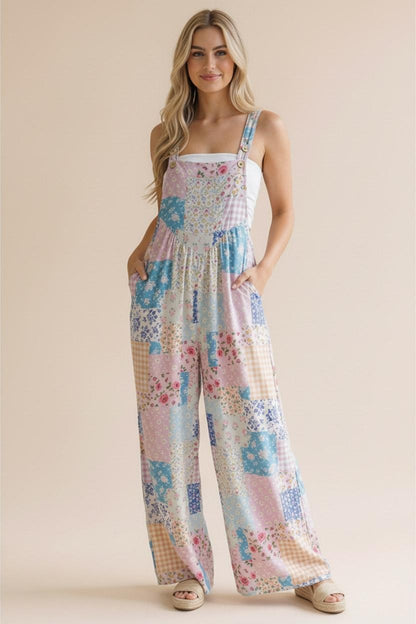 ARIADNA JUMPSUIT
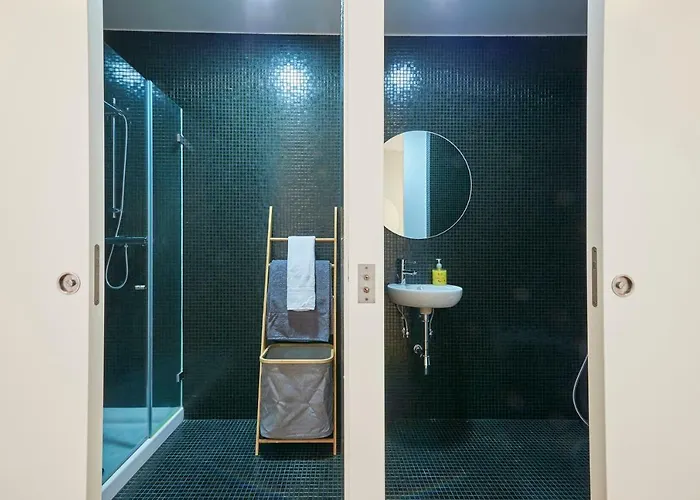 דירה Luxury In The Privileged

__________________________________________________

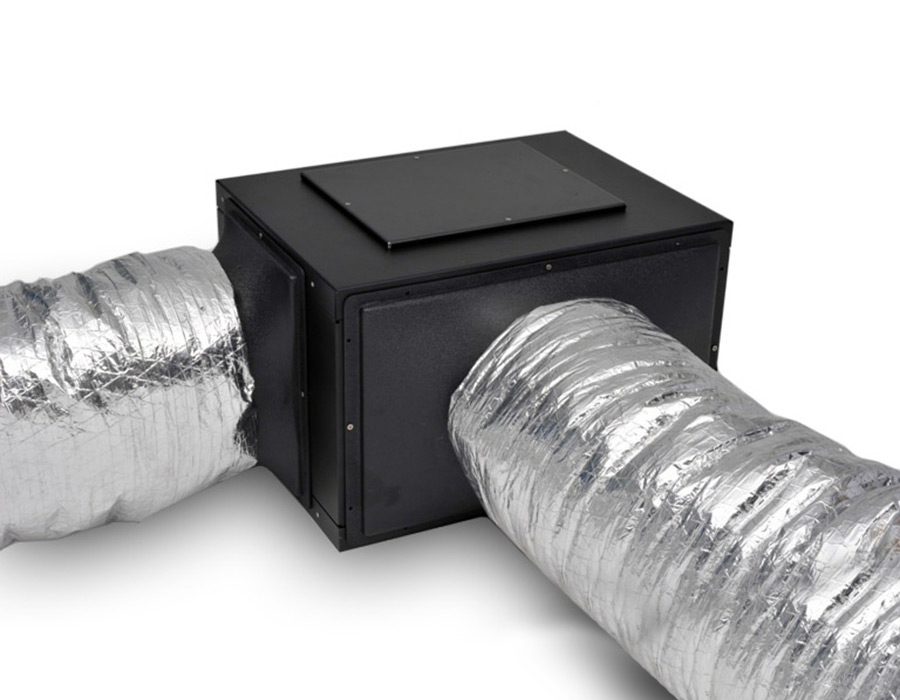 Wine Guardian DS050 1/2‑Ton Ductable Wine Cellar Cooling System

__________________________________________________

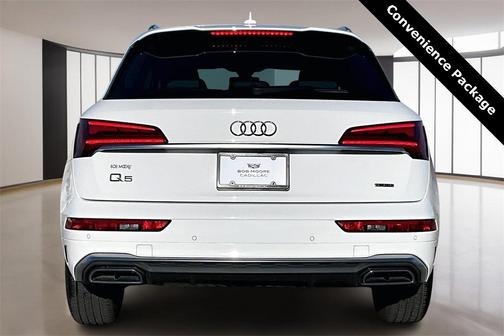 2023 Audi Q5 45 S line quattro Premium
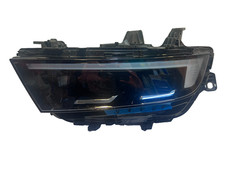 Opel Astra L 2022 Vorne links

__________________________________________________

◆ **WHAT YOU SHOULD DO**: Range to copy from the listing above: the line containing "ARIADNA JUMPSUIT" down to the line containing "דירה Luxury In The Privileged", both included. Reproduce it exactly, minus the pictures, and add nothing.

◆ **YOUR SOLUTION**:
 ARIADNA JUMPSUIT
 דירה Luxury In The Privileged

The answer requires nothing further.